Tuesday, 9 February 2010

The Jakarta Post

Under the Jakarta Commitment the government is aiming to eliminate tied loans and direct Indonesia’s development programs independently by 2012, the National Development Planning Board (Bappenas) says.

On Monday Bappenas met 26 foreign donors, which it calls “development partners”, to review the roadmap for the Jakarta Commitment that was signed on Jan. 12 last year.

The commitment is in line with the Paris Declaration to ensure aid use — grants and loans — for development.

Tied aid means foreign aid that must be spent in the country that provides the loans. For example, Japan’s loans must be used to purchase goods in Japan. It can also mean loan recipients’ development priorities are subject to lender’s approval.

“In 2012 we want to be in the driver’s seat. Now we are in the process of working to convince them that we are on the right track,” Bappenas first secretary Syahrial Loetan said.

At present, tied loans accounts for between 30 and 40 percent of total foreign loans outstanding.

Finance Ministry data shows that as of 2009 the government had borrowed Rp 610 trillion (US$64.66 billion) in foreign loans. In the same year the total figure of loans outstanding (including rupiah) was Rp 1,589 trillion.

This year the government plans to borrow Rp 49 trillion in gross foreign loans. It also plans to repay foreign debts, reducing its nett foreign debt by Rp 9.9 trillion.

Tied loans has been criticized by activists, as seen in demonstrations last year during the annual meeting of the Asia Development Bank (ADB) in Bali.

Syahrial said the meeting on Monday was an effort by Indonesia to inform its development partners of the Jakarta Commitment.

Some of the partners already follow certain rules under the commitment, he said. “The UK Department for International Development [DFID] followed our regulations for climate change documents,” he said.

Syahrial said the government aimed to reduce loans to 24 percent of the country’s gross domestic product (GDP). Last year, outstanding loans amounted to 30 percent of GDP.

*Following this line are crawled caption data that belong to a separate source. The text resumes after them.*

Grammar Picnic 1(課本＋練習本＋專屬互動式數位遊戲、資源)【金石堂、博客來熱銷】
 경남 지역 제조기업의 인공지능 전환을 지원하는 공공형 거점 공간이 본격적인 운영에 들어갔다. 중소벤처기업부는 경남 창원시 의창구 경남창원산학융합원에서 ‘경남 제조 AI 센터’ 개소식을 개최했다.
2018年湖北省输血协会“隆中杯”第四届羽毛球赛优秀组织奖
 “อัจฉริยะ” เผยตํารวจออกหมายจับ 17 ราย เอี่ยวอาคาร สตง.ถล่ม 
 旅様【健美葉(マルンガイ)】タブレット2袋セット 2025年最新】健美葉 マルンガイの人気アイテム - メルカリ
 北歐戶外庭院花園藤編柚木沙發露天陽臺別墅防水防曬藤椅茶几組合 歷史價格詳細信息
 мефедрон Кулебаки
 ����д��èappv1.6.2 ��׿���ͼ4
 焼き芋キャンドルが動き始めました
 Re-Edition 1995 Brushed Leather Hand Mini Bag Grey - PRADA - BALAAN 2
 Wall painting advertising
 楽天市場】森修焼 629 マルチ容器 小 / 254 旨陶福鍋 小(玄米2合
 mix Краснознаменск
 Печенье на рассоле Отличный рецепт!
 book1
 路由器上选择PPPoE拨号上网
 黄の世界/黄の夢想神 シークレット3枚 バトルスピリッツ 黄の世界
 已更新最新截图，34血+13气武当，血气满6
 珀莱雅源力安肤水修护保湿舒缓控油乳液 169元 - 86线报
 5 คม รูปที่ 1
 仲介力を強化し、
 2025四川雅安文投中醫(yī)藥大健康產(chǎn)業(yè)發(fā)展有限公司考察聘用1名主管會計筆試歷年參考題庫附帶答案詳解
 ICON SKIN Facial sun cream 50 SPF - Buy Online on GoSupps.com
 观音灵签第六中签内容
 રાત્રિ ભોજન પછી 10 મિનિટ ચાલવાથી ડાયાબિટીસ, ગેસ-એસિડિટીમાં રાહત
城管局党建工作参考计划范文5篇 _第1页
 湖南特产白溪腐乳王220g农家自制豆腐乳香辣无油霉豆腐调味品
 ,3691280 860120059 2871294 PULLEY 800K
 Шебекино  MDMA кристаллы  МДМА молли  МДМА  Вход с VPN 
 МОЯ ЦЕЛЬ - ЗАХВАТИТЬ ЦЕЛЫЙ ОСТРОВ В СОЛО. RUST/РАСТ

According to the Finance Ministry, the government has worked to expand the bond market to reduce dependency on foreign loans.As of 2009, the government had issued Rp 979 trillion in bonds.

National Development Planning Minister Armida Alisjahbana said the government was reviewing procurements with components of foreign loans and grants.“If they want to follow suit [with the new rules] we will accept [the loans or grants],” she said.

Bappenas has just finished revising a presidential decree on the procurement of goods and services, as part of the government’s first 100-day program. The revision is expected to accelerate procurements.